Warnung vor brechenden Dämmen

„Ich bin jedes Mal verwirrt, wenn ich eine Warnung der Regierung höre,“ sagte eine Einwohnerin der Hauptstadt, deren Haus am Mittwochmorgen überflutet wurde. Yingluck erklärte indes: „Wir sagen die Wahrheit, wir verheimlichen nichts vor der Bevölkerung.“ Die Regierung könne die Krise nicht alleine bewältigen. „Wir müssen alle zusammenhalten und die Politik jetzt beiseitelassen“, sagte sie.

Bangkoks Gouverneur Sukhumbhand Paribatra von der Opposition hatte die Einwohner der Stadt wiederholt davor gewarnt, dass die Dämme brechen könnten - auch als die Regierung bereits Entwarnung gegeben hatte.

Der Kampf gegen das Hochwasser ging unterdessen weiter. Nach der Überflutung eines Industrieparks nördlich von Bangkok versuchten Rettungskräfte, ein weiteres Gewerbegebiet mit Sandsäcken zu schützen. Nach Angaben des Fernsehsenders MCOT forderten die lokalen Behörden die Anwohner auf, das Gebiet zu verlassen.

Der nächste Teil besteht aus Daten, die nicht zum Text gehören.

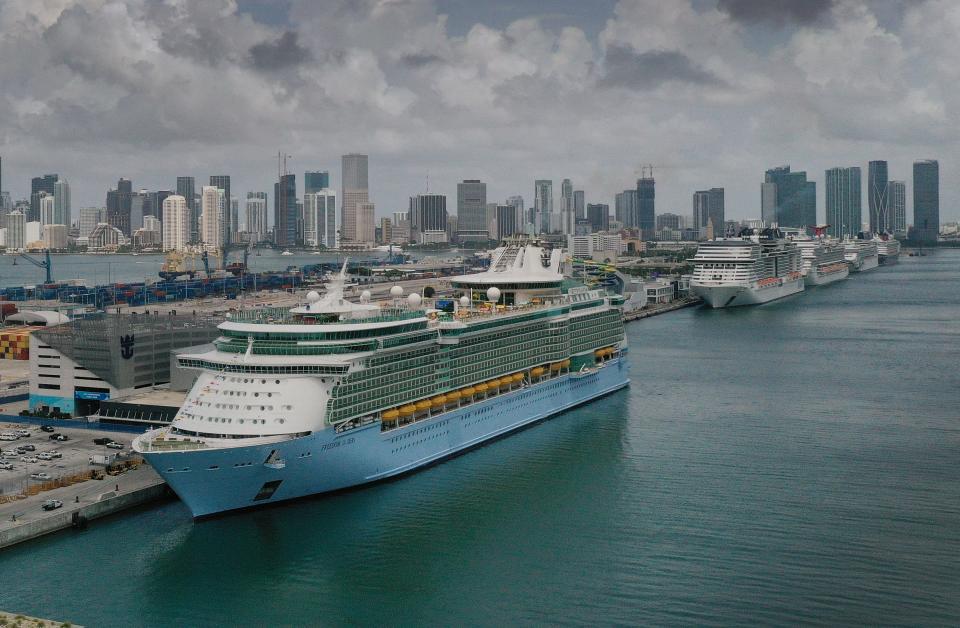 In an aerial view, the Royal Caribbean Freedom of the Seas (L) prepares to set sail from PortMiami during the first U.S. trial cruise testing COVID-19 protocols on June 20, 2021 in Miami, Florida.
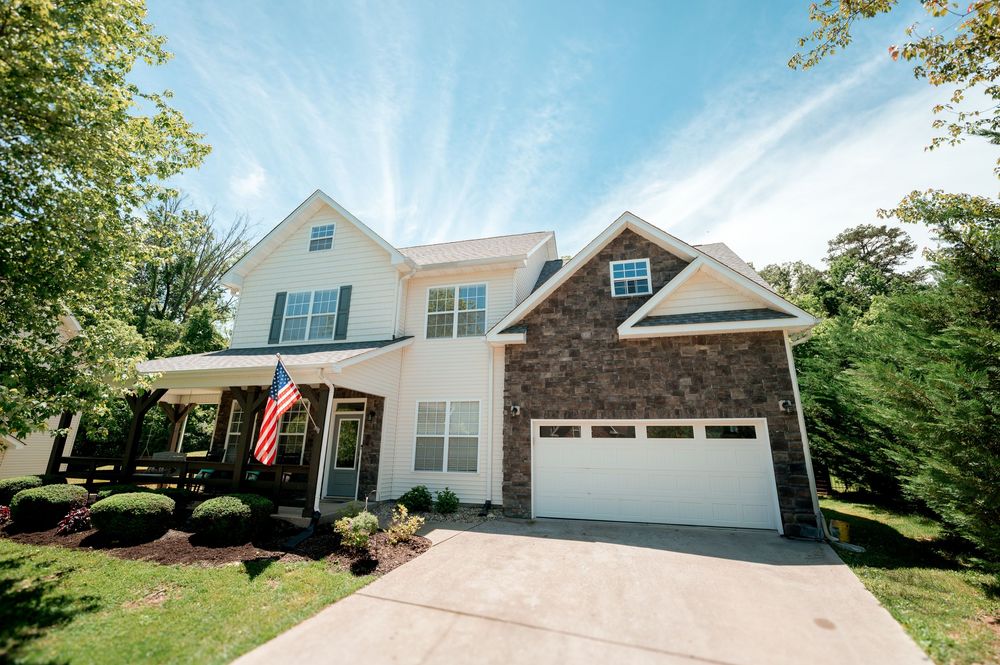 Modern suburban homes with pristine driveways and well-maintained lawns in a peaceful residential neighborhood.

Auch Teile Bangkoks selbst waren weiterhin von den Wassermassen bedroht. Bereits am Dienstag standen etwa 200 Fabriken unter Wasser, der wirtschaftliche Schaden ist enorm. Mindestens 317 Menschen sind bislang beim schlimmsten Hochwasser in Thailand seit mehr als 50 Jahren ums Leben gekommen, 27 der 77 Provinzen des Landes stehen nach wie vor unter Wasser.